Вы находитесь на странице: 1из 12

International Journal of Computer Science and

Engineering (IJCSE)
ISSN Print: 2278–9960; ISSN Online:2278–9979;
Vol. 8, Issue 6, Oct–Nov 2019; 9–20
© IASET

A REVIEW ON FINDING TOP K-COMPETITOR FROM LARGE UNSTRUCTURED


DATASETS BASED C-MINER ALGORITHM

J. Hemalatha1 & M. Abhilash Kumar Reddy2


1
PG Scholar, Department of Computer Science and Engineering, SV Engineering College for Women, Tirupati,
Andhra Pradesh, India
2
Assistant Professor, Department of Computer Science and Engineering, SV Engineering College for Women, Tirupati,
Andhra Pradesh, India

ABSTRACT

In this new age any focused business and achievement is relying upon the capacity to make a thing more alluring to the client
than the challenge. Some of the inquiries are coming in this undertaking, for example, first question is that: (I Who are
principle contenders of the given things? II) How to formalize and evaluate intensity between things? Furthermore, III) What
are various highlights of a thing that most influence its competitiveness?.In this Paper we validated both quantitatively and
qualitatively. Our formalization is appropriate crosswise over spaces, beating the deficiencies of past methodologies.
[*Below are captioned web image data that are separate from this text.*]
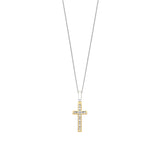 Ti Sento Faith Cross Sterling Silver CZ Necklace Golden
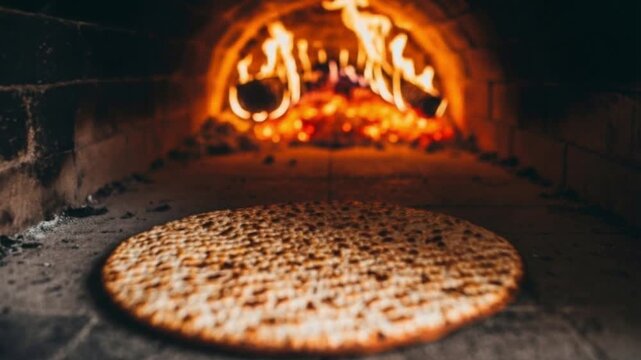 Matzo bread baking in stone wood-fired oven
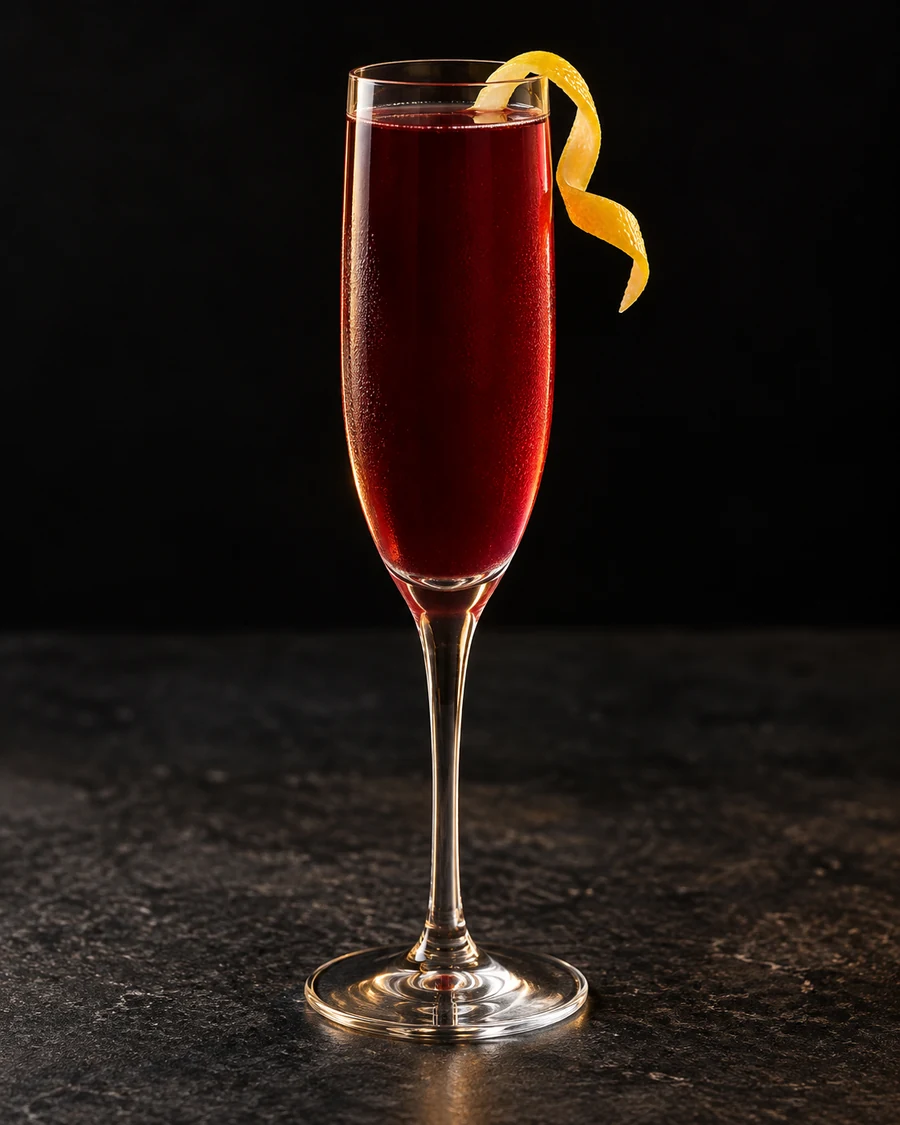 Figurati in a flute, served without ice, garnished with lemon peel, against a black background.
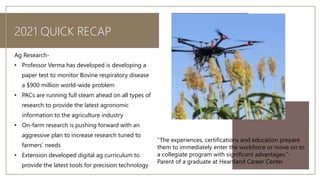 2021 QUICK RECAP
Ag Research-
• Professor Verma has developed is developing a
paper test to monitor Bovine respiratory dis...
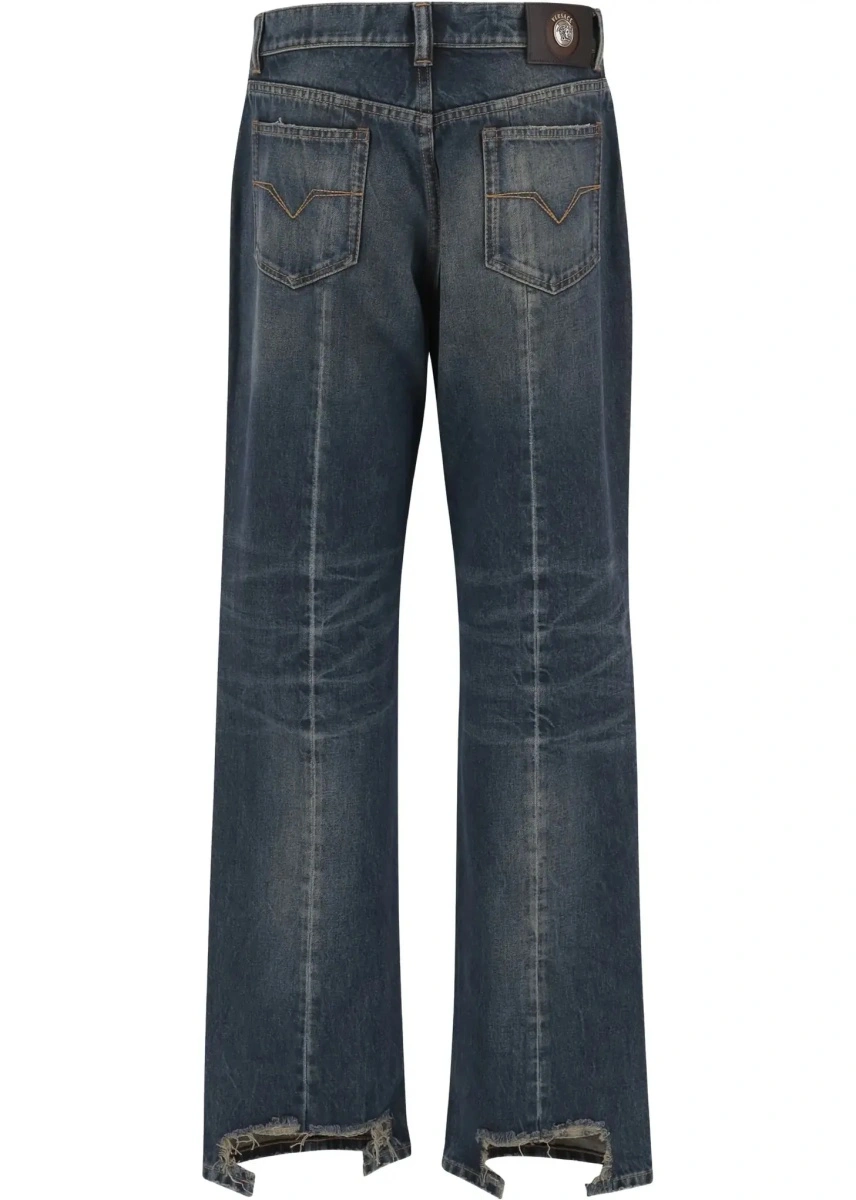 Blugi Distressed straight-leg cotton denim Jeans - Img 5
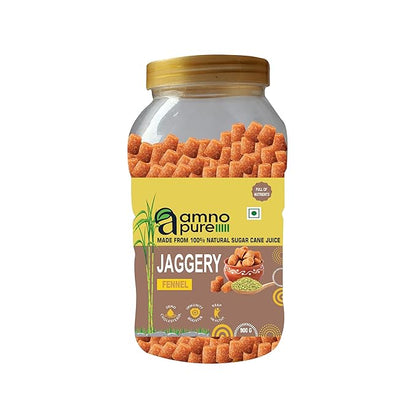 Jaggery with Fennel Seeds 10G Cube Natural Sugarcane Amno Pure - Pet Jar 900G Pack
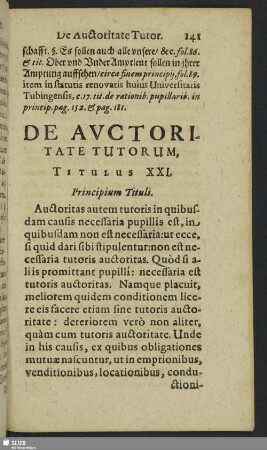 Titulus XXI. De Auctoritate Tutorum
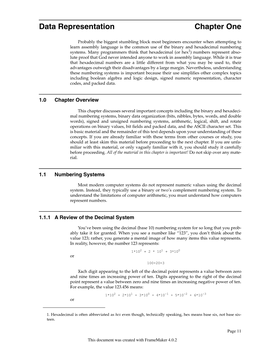 Data Representation Chapter One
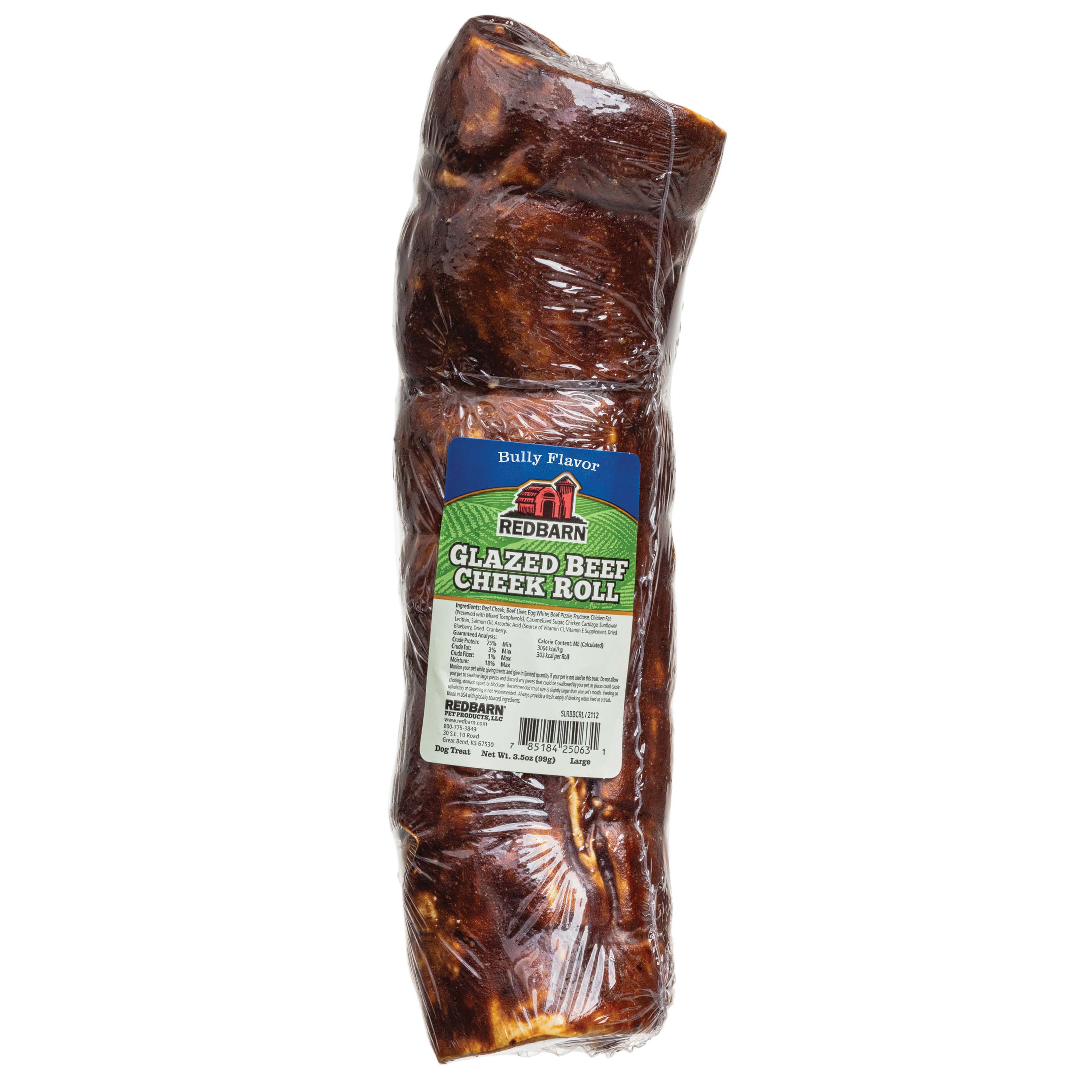 Redbarn Pet Products Glazed Beef Cheek Roll Dog Treat Beef Large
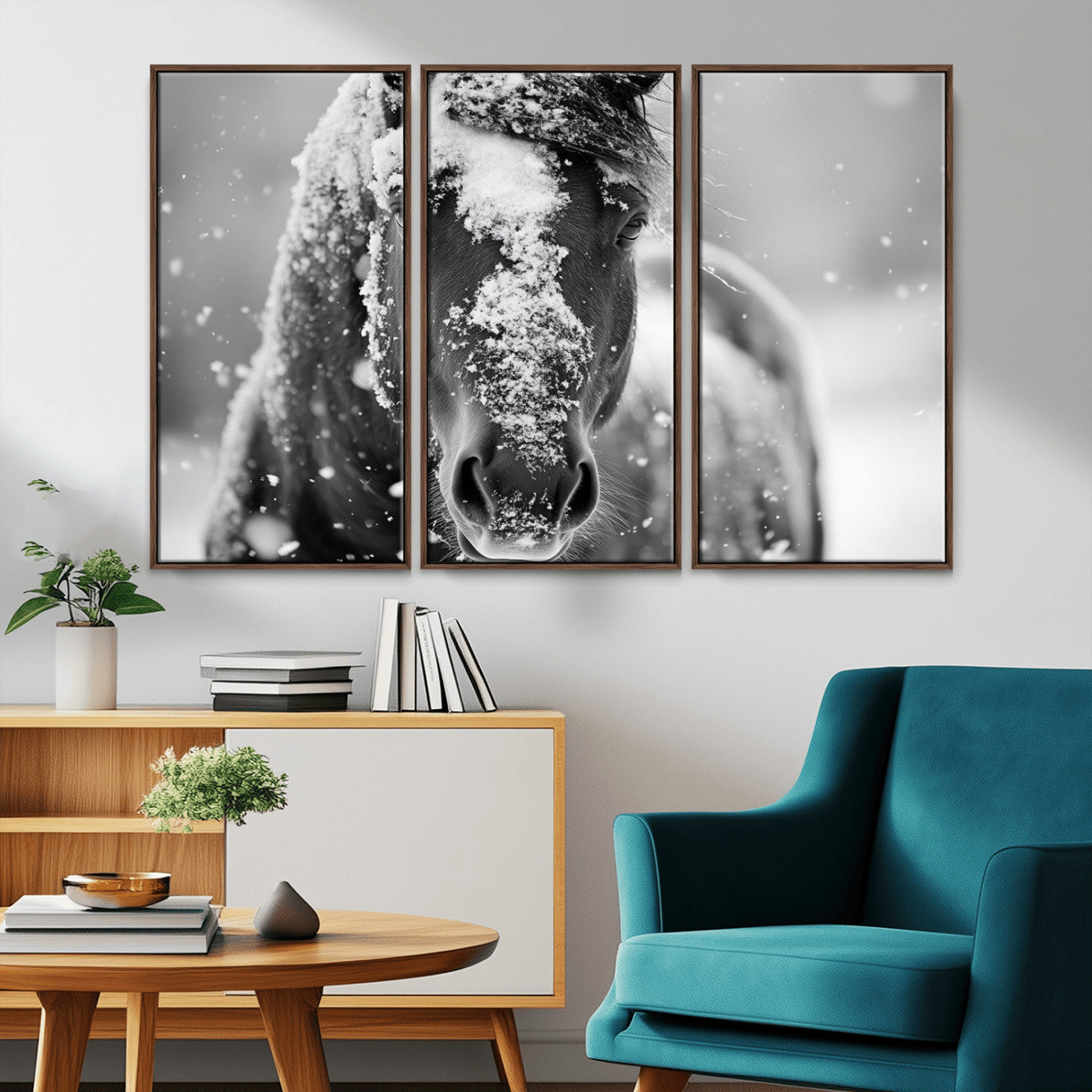 MGV-FC-48X32-3P - Black and White Horse Winter Wall Art | Ready to Hang and Framed | Farmhouse Wall Decor | Western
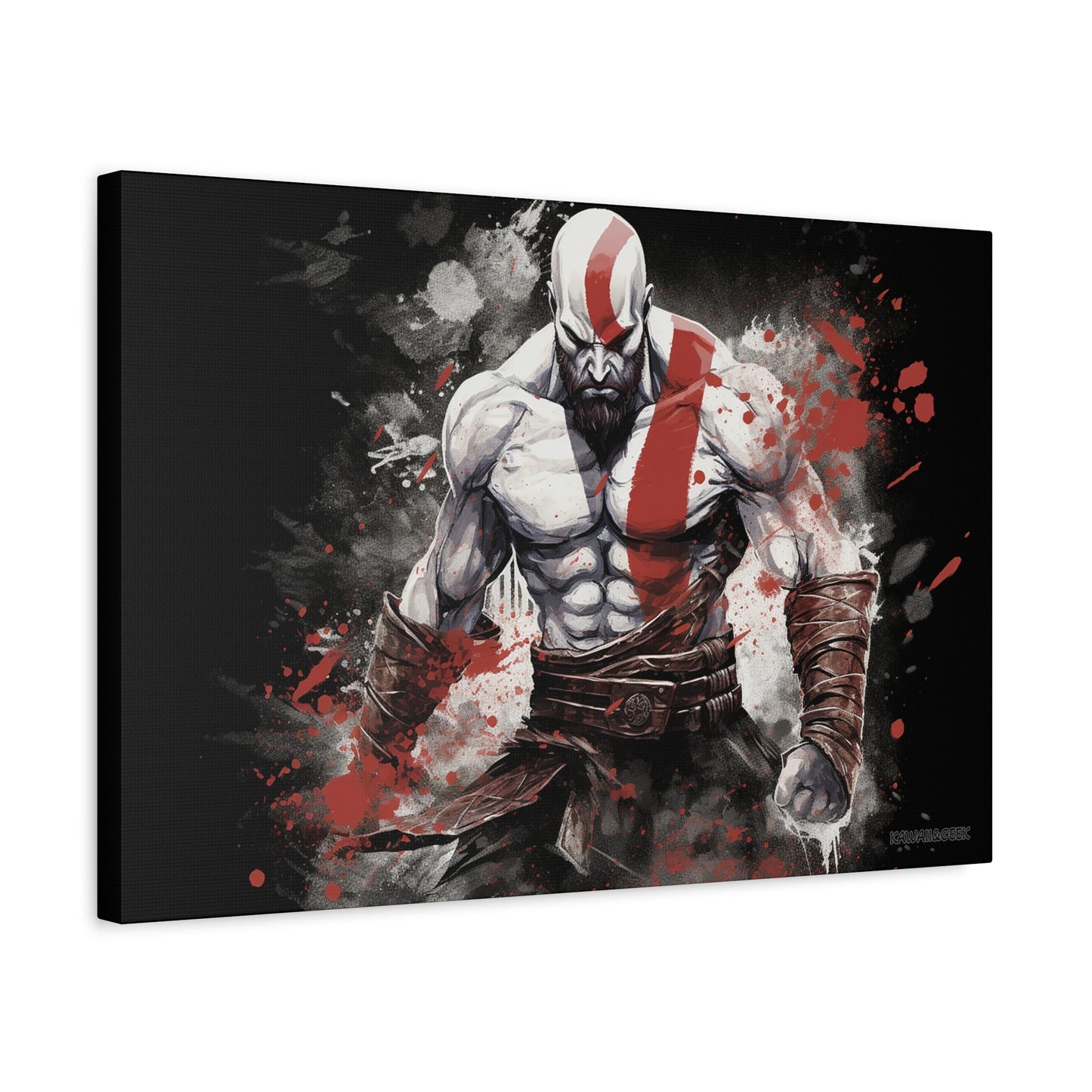 Kratos Canvas - Showcase the Fierce Warrior in Artistic Splendor - God of War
To operationalize and address the issue of finding the top-k competitors of a thing in any given market. Especially
within the sight of large data sets with hundreds or thousands of things, for example, those that are regularly found in
standard spaces. We address these difficulties by means of a profoundly adaptable system for top-k computation, including a
proficient assessment calculation and a suitable record.

KEYWORDS: Data Mining, Web Mining, Information Search and Retrieval, Electronic Commerce

Article History
Received: 04 Oct 2019 | Revised: 18 Oct 2019 | Accepted: 24 Oct 2019

INTRODUCTION

A Long Line of research has shown the vital significance of distinguishing and checking an association's rivals. Spurred by
this issue, the showcasing and the board network have concentrated on experimental strategies for contender distinguishing
proof just as on techniques for breaking down known contenders. Extant research on the previous has concentrated on mining
similar articulations (for example "Item A is better than Item B") from the Web or other sources. Despite the fact that such
articulations can undoubtedly be pointers of intensity, they are missing in numerous spaces. For example, think about the
vacation packages (for example flight-Stay Car Combination). For this situation, things have no appointed name by which
they can be questioned or contrasted and one another.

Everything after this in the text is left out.